Parce que les enfants savent convaincre leurs parents.

Après les enfants, ce sont les petits chiens. Pensez-y. Fido a vendu 1,2 million abonnements pour ses téléphones portables en montrant toujours des chiens à l'écran. Le Canadien, heureusement, a préféré les enfants aux petits chiens...

Pour une Mme Paquette et un Pierre Boivin à qui j'accorde le bénéfice du doute, il y a un Ray Lalonde, qui était parfaitement conscient qu'on avait trouvé le moyen idéal pour cultiver la clientèle de demain tout en incitant les parents à déjà acheter des tuques, des cahiers ou des chandails aux couleurs du Canadien. Et Pierre Boivin, ami de la ministre Courchesne, a réussi à l'endormir au point qu'elle est tombée à pieds joints dans cette affaire. C'est à brailler.

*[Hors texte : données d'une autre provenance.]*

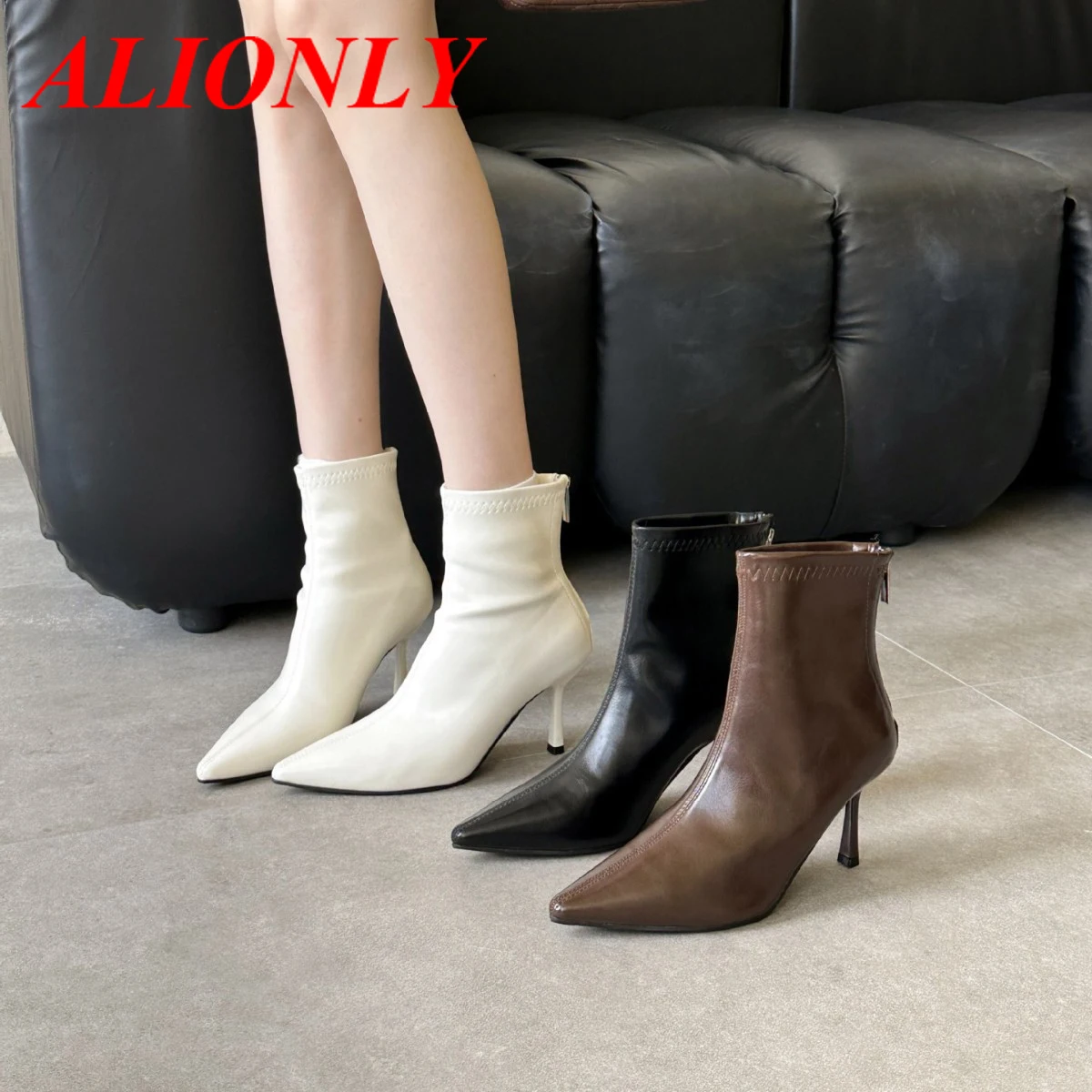 

Alionly 2026 New Women Square Head Ankle Boots Fashion High Heels Autumn Winter Shoes Zipper Office Lady Botas De Mujer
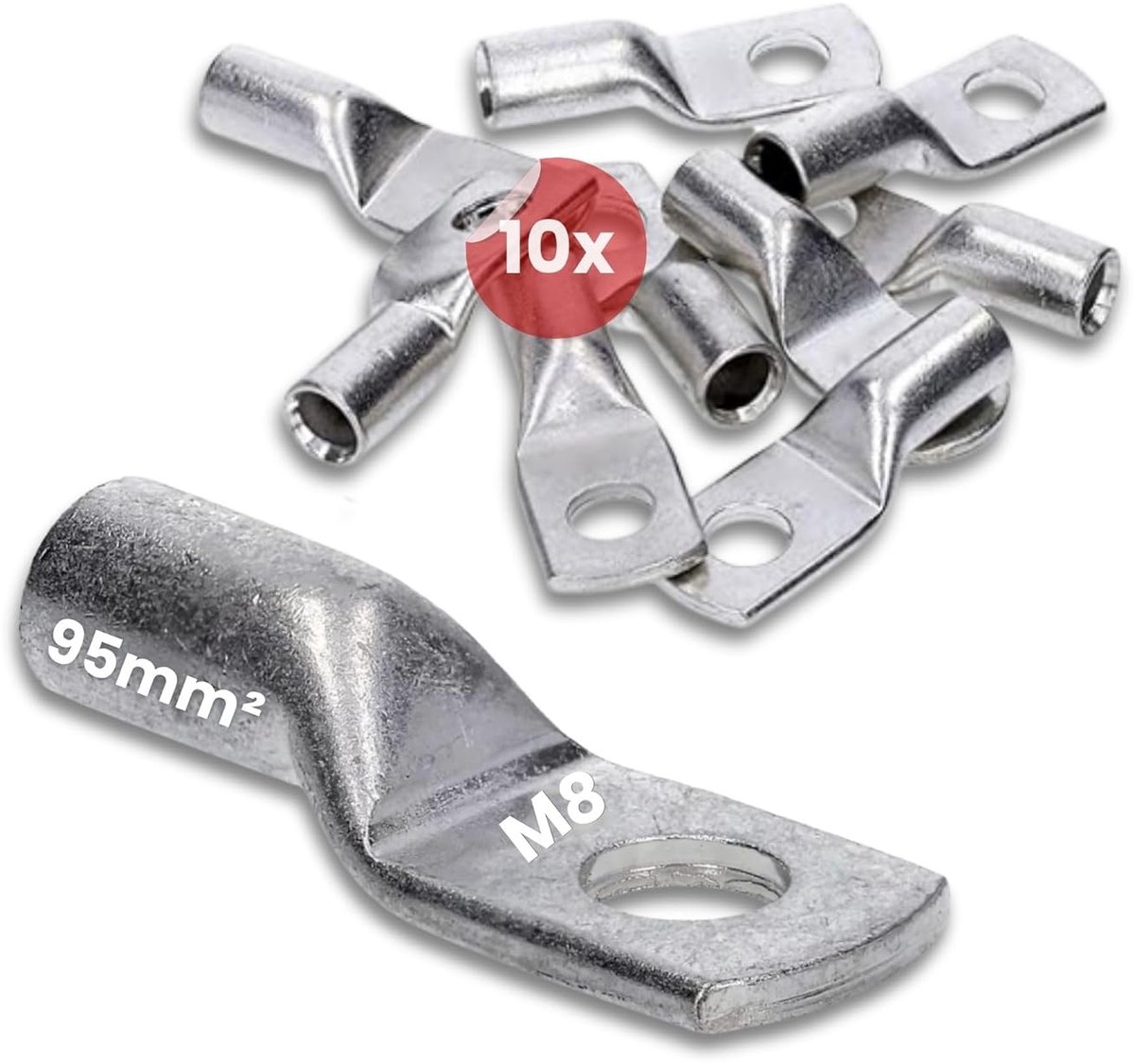 10x Buiskabelschoen 95 mm² M8 - Krimpkabelschoen Vertind Koper | Buis-kabelschoenen DIN EN 13600 zonder kijkgat. Voor auto, zonne-installaties en elektrotechniek. Corrosiebestendig.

Qu'on me comprenne bien. Je ne dis pas que se servir du Canadien ou de ses joueurs à des fins pédagogiques est mauvais en soi. Au contraire, ça peut être un incitatif pour les enfants à s'intéresser à une matière. Mais ce n'est au prof de décider et de préparer la matière, pas au service du marketing de la Flanelle. Dans un passé lointain, je me suis déjà servi d'un disque de Nana Mouskouri dans mon cours de grec. Mais ce n'est pas le fan club de Nana qui a préparé le contenu du cours et le ministère de l'Éducation n'a pas payé 250 000$.

Et au pis-aller, pour 250 000$, on aurait pu libérer un enseignant pour qu'il prépare des fascicules en se servant du Canadien à des fins pédagogiques. Jamais je ne croirai qu'il aurait fallu payer l'organisation pour ce faire.

Laisser une entreprise faire son marketing auprès des enfants sans que des enseignants en supervisent le contenu, c'est déjà un non-sens. Payer cette riche entreprise en plus pour se faire vendre un produit, c'est indécent. Et je ménage mes mots. Je n'en reviens juste pas.

DANS LE CALEPIN - Guy Carbonneau fait du bon travail dans les circonstances avec le Canadien. Cependant, il est temps pour lui de modifier son approche auprès des joueurs. Carbo, ancien capitaine et forte tête, est resté un joueur dans l'âme même s'il sait se montrer sévère. Le temps est venu de prendre un peu de recul et d'accepter qu'il est devenu un coach, un boss pas nécessairement aimé, comme Scotty Bowman, comme Jacques Lemaire et comme Pat Burns. Ça se fait, d'autres l'ont réussi avant lui.